** Records provided **

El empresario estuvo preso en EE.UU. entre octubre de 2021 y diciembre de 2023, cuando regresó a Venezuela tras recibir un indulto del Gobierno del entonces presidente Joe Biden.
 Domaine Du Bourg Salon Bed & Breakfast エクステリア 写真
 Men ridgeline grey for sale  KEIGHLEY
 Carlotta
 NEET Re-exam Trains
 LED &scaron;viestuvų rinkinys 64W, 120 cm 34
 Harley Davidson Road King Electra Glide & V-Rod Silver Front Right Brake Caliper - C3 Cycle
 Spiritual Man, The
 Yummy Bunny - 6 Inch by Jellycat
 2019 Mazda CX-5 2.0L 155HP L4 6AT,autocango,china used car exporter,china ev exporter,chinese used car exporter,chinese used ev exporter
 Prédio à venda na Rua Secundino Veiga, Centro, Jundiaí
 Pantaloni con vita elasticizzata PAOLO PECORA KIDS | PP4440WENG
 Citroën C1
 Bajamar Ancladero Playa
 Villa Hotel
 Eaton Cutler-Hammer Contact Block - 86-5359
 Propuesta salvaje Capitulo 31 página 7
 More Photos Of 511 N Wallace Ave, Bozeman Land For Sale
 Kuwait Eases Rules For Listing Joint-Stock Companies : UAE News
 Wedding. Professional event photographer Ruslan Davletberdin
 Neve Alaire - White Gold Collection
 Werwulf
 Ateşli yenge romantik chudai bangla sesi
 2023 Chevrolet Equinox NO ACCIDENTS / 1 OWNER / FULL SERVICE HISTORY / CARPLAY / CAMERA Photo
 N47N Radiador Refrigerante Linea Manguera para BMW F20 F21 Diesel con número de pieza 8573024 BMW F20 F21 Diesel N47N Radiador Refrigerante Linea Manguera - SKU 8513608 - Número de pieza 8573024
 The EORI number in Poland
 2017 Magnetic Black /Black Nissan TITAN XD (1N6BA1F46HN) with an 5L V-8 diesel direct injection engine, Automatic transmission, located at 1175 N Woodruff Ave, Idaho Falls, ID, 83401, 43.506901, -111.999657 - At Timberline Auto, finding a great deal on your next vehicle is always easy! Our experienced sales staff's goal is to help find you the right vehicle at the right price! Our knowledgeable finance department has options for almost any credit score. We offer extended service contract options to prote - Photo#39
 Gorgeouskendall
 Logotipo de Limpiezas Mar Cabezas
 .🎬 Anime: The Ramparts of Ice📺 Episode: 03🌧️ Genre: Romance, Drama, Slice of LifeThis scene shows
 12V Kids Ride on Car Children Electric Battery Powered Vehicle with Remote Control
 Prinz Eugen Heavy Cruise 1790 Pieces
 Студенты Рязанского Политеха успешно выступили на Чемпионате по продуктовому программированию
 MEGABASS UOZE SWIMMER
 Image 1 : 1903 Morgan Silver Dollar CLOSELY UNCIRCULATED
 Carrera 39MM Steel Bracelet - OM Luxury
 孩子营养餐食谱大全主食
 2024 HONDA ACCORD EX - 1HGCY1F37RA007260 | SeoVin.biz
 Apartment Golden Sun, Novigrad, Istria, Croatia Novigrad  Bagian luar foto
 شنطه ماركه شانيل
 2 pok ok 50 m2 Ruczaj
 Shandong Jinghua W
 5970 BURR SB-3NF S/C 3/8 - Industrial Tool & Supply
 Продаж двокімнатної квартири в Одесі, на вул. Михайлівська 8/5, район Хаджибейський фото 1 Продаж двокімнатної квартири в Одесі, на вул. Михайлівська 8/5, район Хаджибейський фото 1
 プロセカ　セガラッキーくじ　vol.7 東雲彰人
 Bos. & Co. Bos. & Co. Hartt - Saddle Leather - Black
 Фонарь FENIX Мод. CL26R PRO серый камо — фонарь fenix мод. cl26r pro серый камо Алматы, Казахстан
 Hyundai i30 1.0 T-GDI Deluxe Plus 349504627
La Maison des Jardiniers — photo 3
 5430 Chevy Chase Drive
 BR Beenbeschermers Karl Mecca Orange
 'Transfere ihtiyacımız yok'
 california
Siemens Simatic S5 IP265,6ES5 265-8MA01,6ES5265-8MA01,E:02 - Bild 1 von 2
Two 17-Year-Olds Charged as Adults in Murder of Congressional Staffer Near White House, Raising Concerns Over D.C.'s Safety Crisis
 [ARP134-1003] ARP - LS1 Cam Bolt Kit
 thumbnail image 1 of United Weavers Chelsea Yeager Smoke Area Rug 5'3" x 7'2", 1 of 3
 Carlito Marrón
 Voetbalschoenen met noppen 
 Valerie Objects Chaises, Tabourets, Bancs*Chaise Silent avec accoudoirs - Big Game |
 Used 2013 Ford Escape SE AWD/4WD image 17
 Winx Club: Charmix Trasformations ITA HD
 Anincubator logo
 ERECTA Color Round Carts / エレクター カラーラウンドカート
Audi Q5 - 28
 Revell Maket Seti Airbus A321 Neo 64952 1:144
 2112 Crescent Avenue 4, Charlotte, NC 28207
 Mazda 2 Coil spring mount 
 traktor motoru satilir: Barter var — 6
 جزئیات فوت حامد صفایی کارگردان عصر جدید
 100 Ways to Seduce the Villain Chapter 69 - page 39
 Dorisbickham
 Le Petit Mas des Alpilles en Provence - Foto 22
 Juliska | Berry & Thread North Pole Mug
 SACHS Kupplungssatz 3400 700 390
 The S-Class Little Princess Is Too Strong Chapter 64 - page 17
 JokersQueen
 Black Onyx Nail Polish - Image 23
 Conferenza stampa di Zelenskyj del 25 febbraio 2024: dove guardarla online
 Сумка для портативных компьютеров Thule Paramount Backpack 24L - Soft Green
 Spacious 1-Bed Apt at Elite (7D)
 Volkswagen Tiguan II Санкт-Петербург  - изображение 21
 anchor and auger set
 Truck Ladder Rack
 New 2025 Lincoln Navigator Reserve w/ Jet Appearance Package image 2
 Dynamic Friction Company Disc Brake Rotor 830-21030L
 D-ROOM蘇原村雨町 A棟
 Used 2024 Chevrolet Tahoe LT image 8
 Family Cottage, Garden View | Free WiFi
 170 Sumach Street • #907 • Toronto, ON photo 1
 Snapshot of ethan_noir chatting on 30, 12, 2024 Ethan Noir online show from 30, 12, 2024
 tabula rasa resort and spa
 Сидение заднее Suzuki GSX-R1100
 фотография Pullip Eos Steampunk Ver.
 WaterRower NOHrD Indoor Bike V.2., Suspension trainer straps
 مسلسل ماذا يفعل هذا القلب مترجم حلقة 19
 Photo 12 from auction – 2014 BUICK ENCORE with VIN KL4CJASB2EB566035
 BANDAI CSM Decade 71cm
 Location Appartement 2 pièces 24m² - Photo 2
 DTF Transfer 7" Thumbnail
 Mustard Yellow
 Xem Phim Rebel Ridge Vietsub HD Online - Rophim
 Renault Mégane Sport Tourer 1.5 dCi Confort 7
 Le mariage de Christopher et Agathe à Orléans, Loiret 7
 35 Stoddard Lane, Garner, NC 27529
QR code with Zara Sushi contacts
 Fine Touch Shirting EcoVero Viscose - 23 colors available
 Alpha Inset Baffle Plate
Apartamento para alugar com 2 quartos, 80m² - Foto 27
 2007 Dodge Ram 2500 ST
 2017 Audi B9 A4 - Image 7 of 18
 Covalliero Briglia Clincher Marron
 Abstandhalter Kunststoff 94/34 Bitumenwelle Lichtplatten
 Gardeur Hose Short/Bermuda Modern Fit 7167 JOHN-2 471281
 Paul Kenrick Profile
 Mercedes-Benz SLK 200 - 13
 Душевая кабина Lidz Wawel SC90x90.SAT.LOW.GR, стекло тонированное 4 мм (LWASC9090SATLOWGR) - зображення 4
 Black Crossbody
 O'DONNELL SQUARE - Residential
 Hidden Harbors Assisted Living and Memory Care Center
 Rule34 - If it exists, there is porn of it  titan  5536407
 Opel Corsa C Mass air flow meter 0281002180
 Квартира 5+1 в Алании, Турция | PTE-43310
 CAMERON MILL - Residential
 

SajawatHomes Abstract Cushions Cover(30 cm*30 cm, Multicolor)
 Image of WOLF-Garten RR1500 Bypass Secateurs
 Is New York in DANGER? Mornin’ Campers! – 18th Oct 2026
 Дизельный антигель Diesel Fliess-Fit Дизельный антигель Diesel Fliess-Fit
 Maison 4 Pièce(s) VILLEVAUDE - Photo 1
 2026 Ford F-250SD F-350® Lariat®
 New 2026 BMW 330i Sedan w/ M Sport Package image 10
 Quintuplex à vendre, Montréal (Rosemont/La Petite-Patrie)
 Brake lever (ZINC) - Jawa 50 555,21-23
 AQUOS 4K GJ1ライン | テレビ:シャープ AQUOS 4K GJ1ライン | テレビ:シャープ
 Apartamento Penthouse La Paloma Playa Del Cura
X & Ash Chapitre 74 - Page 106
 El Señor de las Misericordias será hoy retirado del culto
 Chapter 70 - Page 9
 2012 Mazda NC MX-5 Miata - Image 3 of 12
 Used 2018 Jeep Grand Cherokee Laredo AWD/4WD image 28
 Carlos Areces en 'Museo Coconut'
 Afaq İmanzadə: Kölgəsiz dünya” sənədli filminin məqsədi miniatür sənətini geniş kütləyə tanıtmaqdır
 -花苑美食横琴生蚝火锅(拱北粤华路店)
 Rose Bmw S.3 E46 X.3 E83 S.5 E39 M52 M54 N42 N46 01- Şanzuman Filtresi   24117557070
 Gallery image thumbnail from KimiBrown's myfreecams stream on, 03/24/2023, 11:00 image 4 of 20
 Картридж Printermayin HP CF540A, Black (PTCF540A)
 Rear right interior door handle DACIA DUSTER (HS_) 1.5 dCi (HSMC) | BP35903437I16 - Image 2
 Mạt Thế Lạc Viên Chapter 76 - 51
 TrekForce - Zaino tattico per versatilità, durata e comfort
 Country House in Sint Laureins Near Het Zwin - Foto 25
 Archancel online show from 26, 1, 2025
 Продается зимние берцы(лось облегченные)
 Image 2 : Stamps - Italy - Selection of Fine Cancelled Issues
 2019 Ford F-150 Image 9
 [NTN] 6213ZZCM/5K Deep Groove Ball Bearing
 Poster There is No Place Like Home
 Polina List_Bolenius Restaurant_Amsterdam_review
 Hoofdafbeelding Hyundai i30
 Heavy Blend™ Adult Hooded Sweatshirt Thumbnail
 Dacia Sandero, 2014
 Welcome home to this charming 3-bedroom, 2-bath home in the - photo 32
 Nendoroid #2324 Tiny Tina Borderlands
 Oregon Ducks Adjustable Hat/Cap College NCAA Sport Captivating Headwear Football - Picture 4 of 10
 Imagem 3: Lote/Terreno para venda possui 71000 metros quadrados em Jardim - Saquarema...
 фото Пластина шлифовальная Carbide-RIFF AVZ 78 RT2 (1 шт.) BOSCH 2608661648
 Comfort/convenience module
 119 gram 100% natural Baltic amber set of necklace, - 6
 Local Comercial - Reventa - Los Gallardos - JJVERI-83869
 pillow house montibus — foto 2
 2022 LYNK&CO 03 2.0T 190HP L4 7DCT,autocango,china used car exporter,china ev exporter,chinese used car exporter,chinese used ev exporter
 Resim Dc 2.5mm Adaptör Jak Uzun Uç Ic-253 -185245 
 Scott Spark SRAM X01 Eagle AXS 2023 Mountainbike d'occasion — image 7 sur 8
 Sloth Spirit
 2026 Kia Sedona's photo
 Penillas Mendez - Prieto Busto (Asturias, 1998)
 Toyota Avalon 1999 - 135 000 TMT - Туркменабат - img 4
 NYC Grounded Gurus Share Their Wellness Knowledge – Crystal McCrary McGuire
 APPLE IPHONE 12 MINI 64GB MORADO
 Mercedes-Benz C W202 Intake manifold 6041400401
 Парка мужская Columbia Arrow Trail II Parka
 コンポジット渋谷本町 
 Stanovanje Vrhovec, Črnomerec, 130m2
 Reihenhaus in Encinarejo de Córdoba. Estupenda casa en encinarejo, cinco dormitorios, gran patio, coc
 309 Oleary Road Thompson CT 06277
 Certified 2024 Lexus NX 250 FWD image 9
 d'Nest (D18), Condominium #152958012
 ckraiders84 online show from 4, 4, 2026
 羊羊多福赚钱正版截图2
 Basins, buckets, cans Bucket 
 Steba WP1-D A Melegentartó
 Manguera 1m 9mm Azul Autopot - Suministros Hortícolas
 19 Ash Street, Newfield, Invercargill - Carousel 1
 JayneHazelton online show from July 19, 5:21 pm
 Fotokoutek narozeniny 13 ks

** What you need to do **
All lines in the listing above between the line with "Картридж Printermayin HP" and the line with "Archancel online show from 26, 1, 2025", inclusive, should be set down exactly, and no line outside that range.

** Exercise response **
 Картридж Printermayin HP CF540A, Black (PTCF540A)
 Rear right interior door handle DACIA DUSTER (HS_) 1.5 dCi (HSMC) | BP35903437I16 - Image 2
 Mạt Thế Lạc Viên Chapter 76 - 51
 TrekForce - Zaino tattico per versatilità, durata e comfort
 Country House in Sint Laureins Near Het Zwin - Foto 25
 Archancel online show from 26, 1, 2025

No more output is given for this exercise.